At the end, that gives us Faraday's constant, which is \( 9.647 \times 10^4 \) coulombs over 1 mole of electrons. So this is the charge for 1 mole of electrons. Now here, we're going to say \( q = n \times F \). So here we'd have moles of electrons times Faraday's constant.

One mole of electrons here on the bottom. Your moles of electrons would cancel out so that at the end, your charge would have units of coulombs. Here, we could also talk about electrical current. For current, use the variable I. The unit for electrical current is in amperes or amps.

We can say A here represents the units for current. Now we're going to say here that current equals charge, which we said the units would be coulombs divided by time. Here, the units for time would be in seconds. What this is telling me, it's telling me that the current is in units of amperes and an ampere represents coulombs per second. If you are given 25.0 amps, that would translate into 25 coulombs per second.

Next, we have electrical voltage. Now with electrical voltage, we have a series of equations we can use. Here, we can say the relationship between work and voltage can be expressed as work equals voltage, which is \( e \times q \). Now here when it comes to voltage, the units for voltage are energy in terms of joules divided by coulombs. We already said earlier that charge uses the units of coulombs.

Here, coulombs would cancel out. Work at the end would have units of joules. Now, besides this equation, we can say that work which is \( w \) equals force times distance. Here, force would be in units of newtons which is \( n \). And here, distance would be meters.

Now we can say that 1 newton is equal to kilograms times meters over seconds squared. So here we have kilograms times meters over seconds squared. Distance is meters. So that would come out to kilograms times meters squared over seconds squared. All those units combined together equal 1 joule.

Whether we're utilizing this equation here for work or this equation here for work, both give us joules as the units for work. Next, we have the relationship between Gibbs free energy which is \( \Delta g \) and electrical potential. So here, our electric potential, which is \( e \) again, our voltage. Here, it's Gibbs free energy equals negative \( n \), which is your moles of electrons times Faraday's constant times your voltage. Here, we'd have \( \Delta g = n \times F \times e \).

Δ G = − n F e

Voltage, remember we just said in the previous example dealing with work that voltage is joules over coulombs. So moles of electrons would cancel out, coulombs would cancel out, and you'd have joules as your final units for Gibbs free energy here as well. We also have Ohm's law. Ohm's law, we're going to say uses units for resistance and that would just be ohms or omega. Here, we'd say that our current which is \( I \) equals your voltage over your resistance. So that's just yet again another equation we can utilize in order to help us determine what our current will be. Remember, at the end, current would have units of coulombs per second. Now power, finally.

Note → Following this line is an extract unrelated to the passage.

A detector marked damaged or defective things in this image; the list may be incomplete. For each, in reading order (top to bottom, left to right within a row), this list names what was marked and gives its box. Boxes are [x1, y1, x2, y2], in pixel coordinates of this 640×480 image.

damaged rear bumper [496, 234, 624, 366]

Here, power represents work done per unit of time. We'd say that the units for power are in watts, so capital \( W \) here. Power equals voltage times current. We could also say that power equals work over time because we just said it's work done per unit of time. Work uses units of joules times seconds.

So a 1 watt is equal to joules per second. Here, power also equals voltage times current. So that'd be joules over seconds for voltage times their current which we said was coulombs per second. Those would cancel out and we'd get joules per second. We could utilize this equation to help us determine power or we could utilize this equation here to help us determine power.

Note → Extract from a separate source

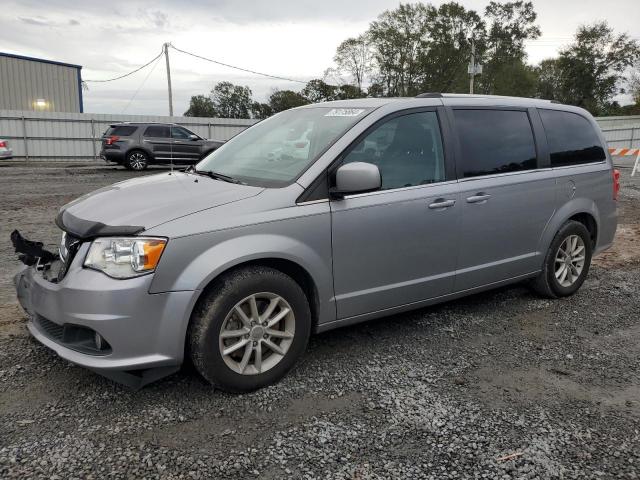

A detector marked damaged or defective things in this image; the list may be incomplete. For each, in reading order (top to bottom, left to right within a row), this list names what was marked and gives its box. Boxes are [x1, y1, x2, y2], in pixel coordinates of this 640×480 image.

damaged front bumper [13, 242, 195, 388]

With some of these, we have the same variable with more than one method to get to the answer for it. So just keep in mind that with redox reactions, we're talking about the transferring of electrons from point A to point B. This movement of electrons helps with the creation of voltage, electricity, or charge. And with these concepts, we have different formulas we can utilize to help give us numerical values. So keep in mind all the concepts we've learned in terms of these equations and how they relate to redox reactions.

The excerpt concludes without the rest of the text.